What is the glycemic indexThe glycemic index is a measure of how fast a food spikes your blood sugar after eating it. Foods that are high in simple sugars spike your blood sugar very fast. These include anything with high-fructose corn syrup, like soda or anything with simple sugars from white flour, like white bread and white rice. Foods that are high in complex carbohydrate and fiber raise your blood sugar slowly and gently. These include fruits, vegetables and whole grain products. To learn more about specific foods visit http://www.glycemicindex.com.
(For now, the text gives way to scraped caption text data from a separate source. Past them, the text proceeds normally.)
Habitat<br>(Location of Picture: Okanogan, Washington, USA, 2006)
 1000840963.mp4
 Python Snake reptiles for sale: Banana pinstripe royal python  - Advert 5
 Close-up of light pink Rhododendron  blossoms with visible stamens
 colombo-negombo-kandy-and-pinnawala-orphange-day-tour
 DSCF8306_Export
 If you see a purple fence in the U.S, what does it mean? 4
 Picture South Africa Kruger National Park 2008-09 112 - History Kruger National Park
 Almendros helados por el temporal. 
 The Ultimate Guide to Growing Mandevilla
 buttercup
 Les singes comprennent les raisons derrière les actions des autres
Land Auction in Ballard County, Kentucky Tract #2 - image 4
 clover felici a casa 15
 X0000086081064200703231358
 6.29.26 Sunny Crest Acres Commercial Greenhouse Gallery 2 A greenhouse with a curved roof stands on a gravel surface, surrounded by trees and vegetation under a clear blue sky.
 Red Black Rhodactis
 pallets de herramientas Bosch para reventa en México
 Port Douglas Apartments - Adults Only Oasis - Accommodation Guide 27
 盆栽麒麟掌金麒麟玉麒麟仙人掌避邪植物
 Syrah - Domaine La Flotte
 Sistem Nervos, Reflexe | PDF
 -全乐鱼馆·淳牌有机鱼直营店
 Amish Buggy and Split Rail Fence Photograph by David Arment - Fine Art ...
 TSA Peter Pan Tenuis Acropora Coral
Why should you care?What’s the big deal? Your body needs to maintain blood sugar in a very narrow range. If you spike your blood sugar too fast, it will over-react with a large release of insulin and cause your blood sugar to crash back down. This is why you feel very tired after a large, high-glycemic meal. The other problem is that this crash causes you to feel very hungry again because your body is trying to recover from the crash. This causes you to eat more than you need and gain weight. Have you ever felt hungry a couple hours after eating Chinese food? Well, this is why.

But the problem runs much deeper than getting tired and eating too much. After a while, your body will adjust so that you can no longer crash your blood sugar. It does this by becoming insensitive to it’s own insulin and you develop insulin resistance. What this means is that the cells in your body stop responding to insulin and stop taking up sugar out of the blood.

Insulin resistance happens first in the muscle cells, which actually need the most sugar-energy. The fat cells continue to respond and absorb most of your blood sugar. This causes increased fat storage and weight gain around the mid-section. Approximately 1 out of 4 adults in the United States are insulin resistant.

What can you do about it?If your behavior does not change, insulin resistance can progress to metabolic syndrome and type II diabetes. This puts you at dramatically increased risk for heart disease and a lot of other health problems.

All of this is preventable and even reversible if you are already there. Switching to a low glycemic diet, getting more exercise, adequate sleep and taking quality nutritional supplements all help to reverse insulin resistance and get your body back on track to health.

Be sure that this is not just an adult problem. Feeding your kids high glycemic meals is setting them up for the same fate. Today, the Center for Disease control predicts that 1 out of 3 kids will become diabetic because of our diet and lack of exercise. Please don’t send your family down this road.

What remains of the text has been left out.